Zim plans to build second Limpopo bridge

 

BUSINESS REPORTER

Zimbabwe is planning to build a second bridge across the Limpopo river to improve the flow of traffic at Beitbridge Border post, it has emerged.

Information minister Monica Mutsvangwa said on Tuesday that the Cabinet has approved the proposed partnership between the government and River Bridge consortium to build the new bridge.

“Cabinet approved the proposed partnership between the Ministry of Transport and Infrastructural Development and River Bridge Consortium on the design, build, operate and transfer of a new bridge at Beitbridge Border Post,” Mutsvangwa said at a post Cabinet briefing.

She added: “The construction of the new bridge will improve the flow of traffic at the border post as well as facilitate the implementation of separation of traffic at the point of crossing, in line with international best practice.”

Mutsvangwa also confirmed that the government will enter into a partnership with Forbes Border Consortium on the design, build, operate and transfer project for a modernised Forbes Border Post, on account of the consortium’s proven track record.

She also said two additional projects, namely Christmas Pass flyover road and construction of a Dry Port, will be implemented concurrently with the Border Post project, upon approval by Cabinet.

The infrastructural deals come at a time when the Transport and Infrastructural Development Minister, Felix Mhona has reached out to the business community to partner the ministry in the development of the country’s public infrastructure.

Mhona made the appeal to captains of industry attending the CEO Africa Roundtable meeting in the capital last week.

The development comes against the backdrop of efforts by the government to fix its long neglected growth enhancing infrastructure in the transport, air, power and water sectors, among many others.

Mhona said the government has limitations.

Consequently, he appealed to the private sector to partner the government through the Public Private Partnerships (PPPs).

There are several PPPs schemes that can be adopted, depending on the nature of the infrastructural project in question.

These include Build and Transfer (BT) scheme, Build Operate and Transfer (BOT) scheme, Build Own Operate and Transfer (BOOT) scheme, Build Lease and Transfer (BLT) scheme, Rehabilitate Operate and Transfer (ROT) scheme and Build Transfer and Operate (BTO) scheme, among many others.

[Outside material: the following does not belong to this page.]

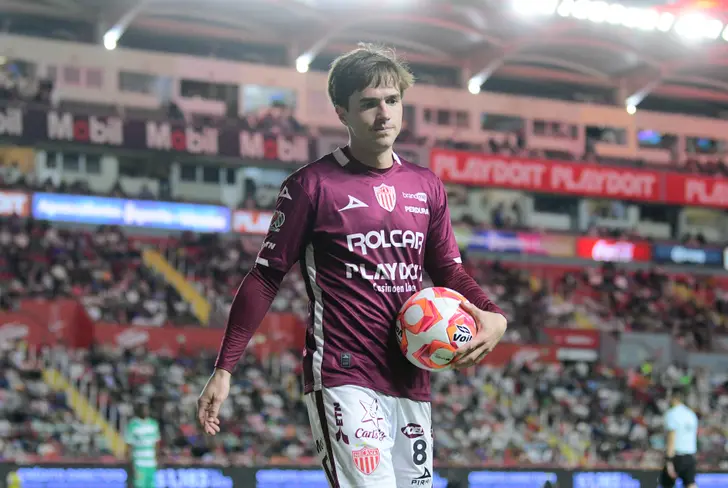 El jugador argentino espera que se libere una plaza de NFM.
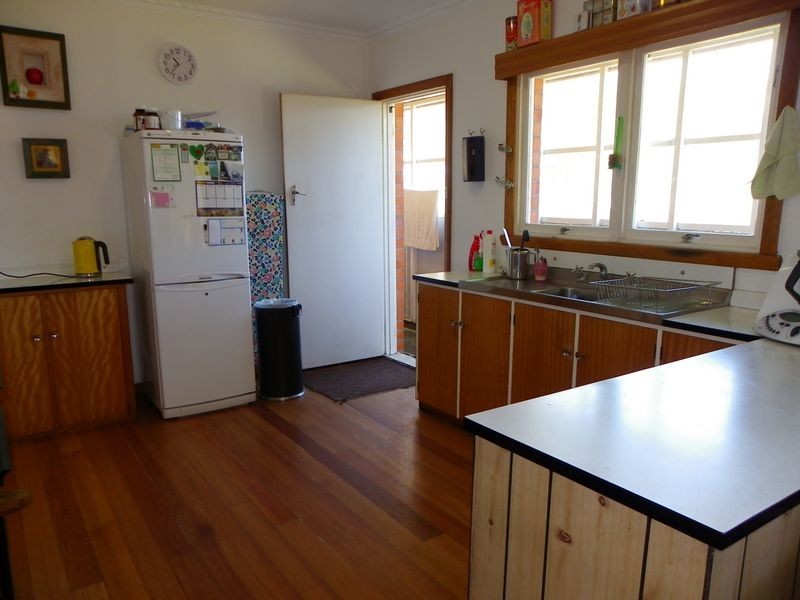 16 Austin Street, Wynyard TAS 7325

Under a BT scheme, the private sector player sources the finance and constructs the infrastructure. Upon completion, the company hands the infrastructure to a government or responsible government agency, which then takes over all the roles including ownership and operation roles. In turn, the government would pay the company an agreed sum, together with reasonable returns negotiated beforehand while under a BOT model, a private sector player undertakes the construction of the infrastructure, financing the construction as well as the operation maintenance.

The company would then operate the facility for a fixed term, during which the private player would be allowed to impose on users of the infrastructure fees or rates, such as user fees, rentals and many others.

The charges to consumers would be expected to be exactly as captured in the contract and should enable the company to recover its costs as well as earn a reasonable return. At the end of the fixed term contract, the facility is transferred to the government agency or local government unit concerned.

Under BOOT model, the private sector company finances, constructs, owns and operates the infrastructure for a fixed term. Ownership implies that the company is allowed to make any decisions it sees fit during the ownership tenure, with minimal or no government interference. It also gets the opportunity to recover its total investment, operating costs, as well as a reasonable return. This would be done through collecting tolls for example for highways, fees, rentals or other charges. At the expiry of the fixed term, the infrastructure is handed over to the government, which would then take all responsibilities.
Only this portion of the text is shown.